> _EXERCISE GOAL_
Retype the data that follows line by line, exactly, and leave its pictures out.

> _GIVEN MATERIAL_
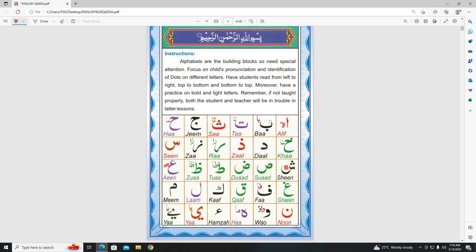Alif. Ba. Ta. Fa. Kha. Ha. Ha. Ha. Da. Da. Da. Da. Ra. Da. Zal.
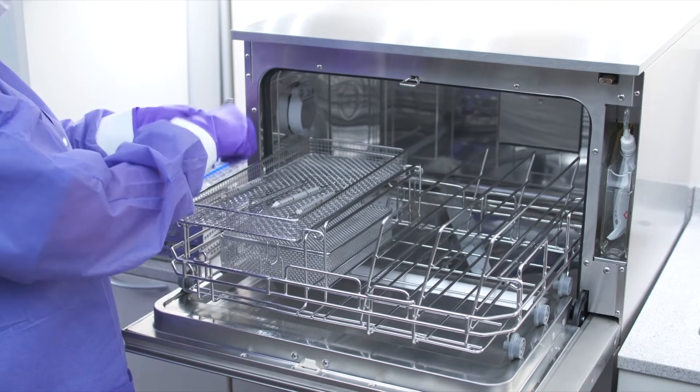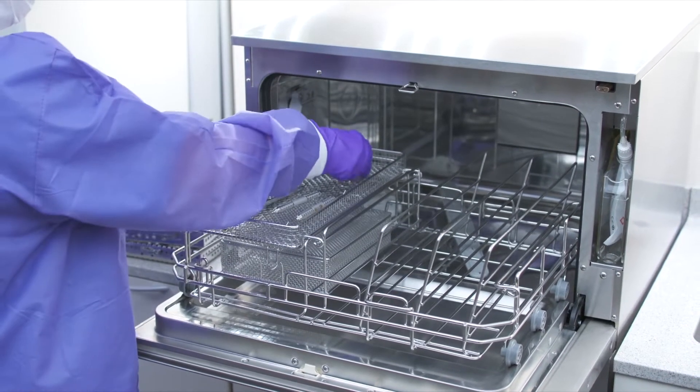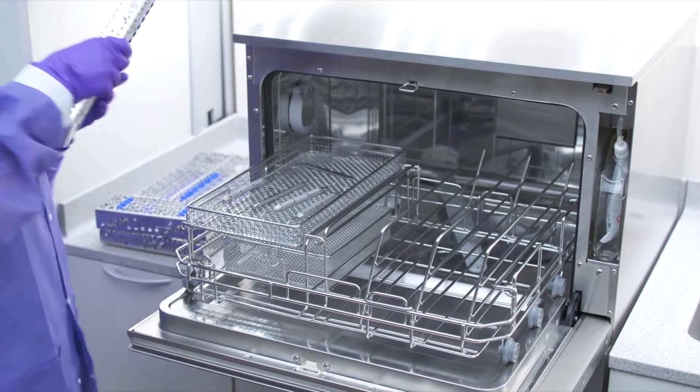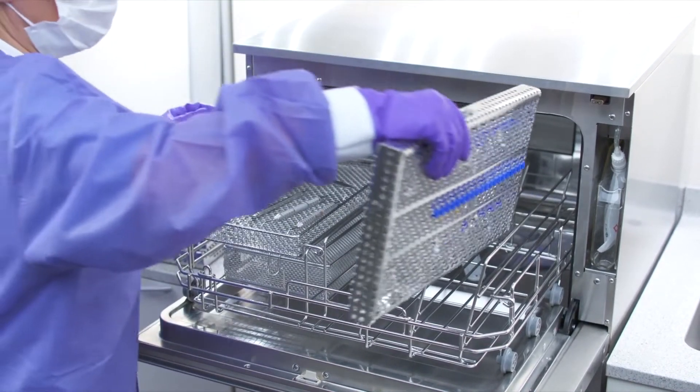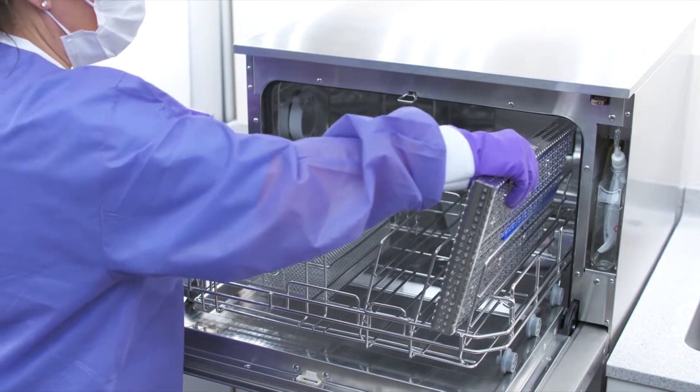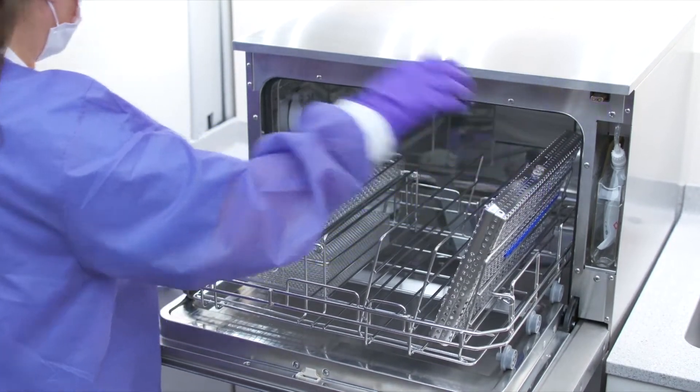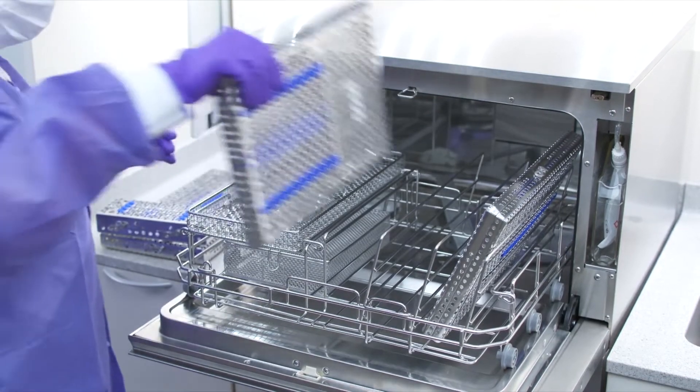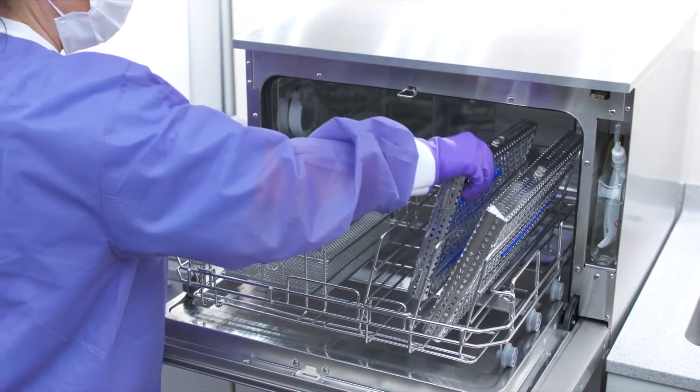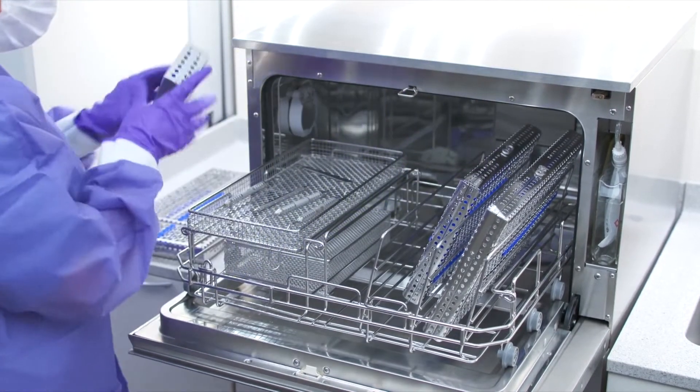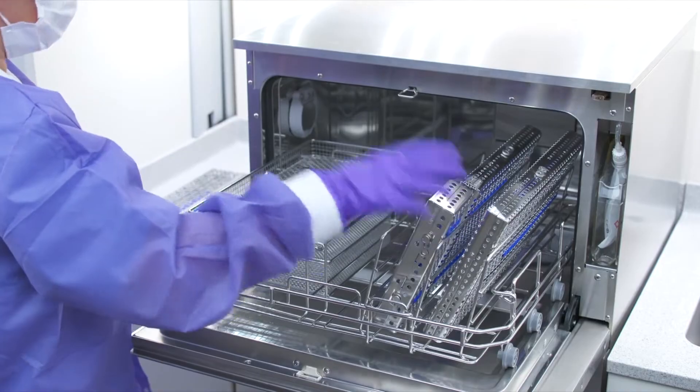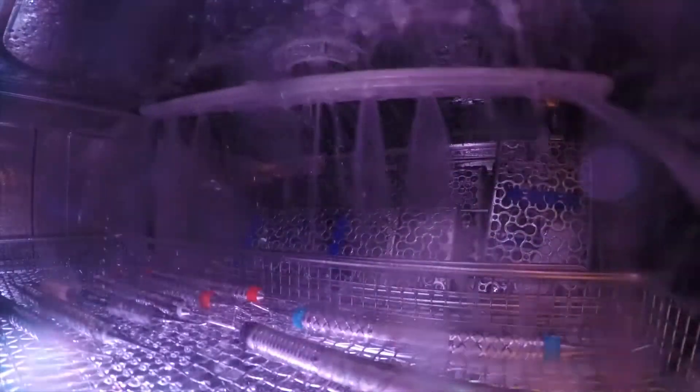The Hydrum C61wd instrument washer and disinfector is a clinical reprocessing device that minimizes physical handling of contaminated instruments, reducing the risk of sharps injury and creating a safer work environment.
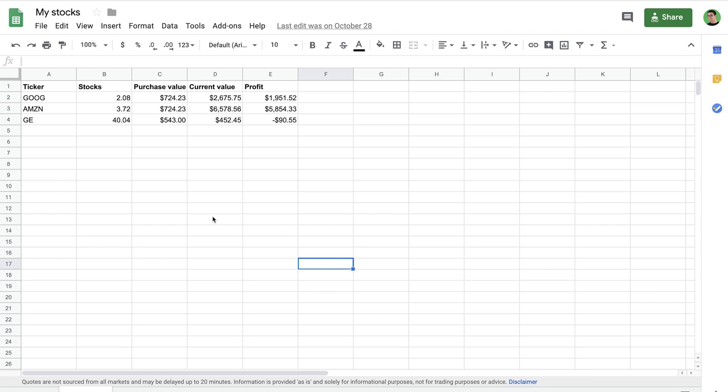Now I have this spreadsheet here, it contains a list of stocks and this is a Google spreadsheet. Now the data that is available here is something that I would like to use for iterations in Newman, the CLI tool, the CLI companion for Postman.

> _EXPECTED ANSWER_
Alif. Ba. Ta. Fa. Kha. Ha. Ha. Ha. Da. Da. Da. Da. Ra. Da. Zal.
The Hydrum C61wd instrument washer and disinfector is a clinical reprocessing device that minimizes physical handling of contaminated instruments, reducing the risk of sharps injury and creating a safer work environment.
Now I have this spreadsheet here, it contains a list of stocks and this is a Google spreadsheet. Now the data that is available here is something that I would like to use for iterations in Newman, the CLI tool, the CLI companion for Postman.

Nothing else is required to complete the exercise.